What this task involves — Restate the records in their entirety, word for word.

(Short web captions)
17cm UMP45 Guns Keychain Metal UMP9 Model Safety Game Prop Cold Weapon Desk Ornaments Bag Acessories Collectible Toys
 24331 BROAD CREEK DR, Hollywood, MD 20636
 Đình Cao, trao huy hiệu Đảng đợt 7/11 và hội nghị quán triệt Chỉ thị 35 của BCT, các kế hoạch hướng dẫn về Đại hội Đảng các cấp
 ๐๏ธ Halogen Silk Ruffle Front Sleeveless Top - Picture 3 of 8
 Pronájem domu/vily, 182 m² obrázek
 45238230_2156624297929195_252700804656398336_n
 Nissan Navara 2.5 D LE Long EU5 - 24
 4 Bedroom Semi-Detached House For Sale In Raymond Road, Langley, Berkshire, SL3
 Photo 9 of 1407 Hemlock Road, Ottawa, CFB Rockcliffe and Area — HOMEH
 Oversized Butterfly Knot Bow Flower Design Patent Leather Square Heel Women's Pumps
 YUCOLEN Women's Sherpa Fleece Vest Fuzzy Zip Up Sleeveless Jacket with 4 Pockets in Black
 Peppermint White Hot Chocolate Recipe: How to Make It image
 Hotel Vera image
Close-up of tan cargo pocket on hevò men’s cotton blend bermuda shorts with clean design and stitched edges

Solution to this problem —
17cm UMP45 Guns Keychain Metal UMP9 Model Safety Game Prop Cold Weapon Desk Ornaments Bag Acessories Collectible Toys
 24331 BROAD CREEK DR, Hollywood, MD 20636
 Đình Cao, trao huy hiệu Đảng đợt 7/11 và hội nghị quán triệt Chỉ thị 35 của BCT, các kế hoạch hướng dẫn về Đại hội Đảng các cấp
 ๐๏ธ Halogen Silk Ruffle Front Sleeveless Top - Picture 3 of 8
 Pronájem domu/vily, 182 m² obrázek
 45238230_2156624297929195_252700804656398336_n
 Nissan Navara 2.5 D LE Long EU5 - 24
 4 Bedroom Semi-Detached House For Sale In Raymond Road, Langley, Berkshire, SL3
 Photo 9 of 1407 Hemlock Road, Ottawa, CFB Rockcliffe and Area — HOMEH
 Oversized Butterfly Knot Bow Flower Design Patent Leather Square Heel Women's Pumps
 YUCOLEN Women's Sherpa Fleece Vest Fuzzy Zip Up Sleeveless Jacket with 4 Pockets in Black
 Peppermint White Hot Chocolate Recipe: How to Make It image
 Hotel Vera image
Close-up of tan cargo pocket on hevò men’s cotton blend bermuda shorts with clean design and stitched edges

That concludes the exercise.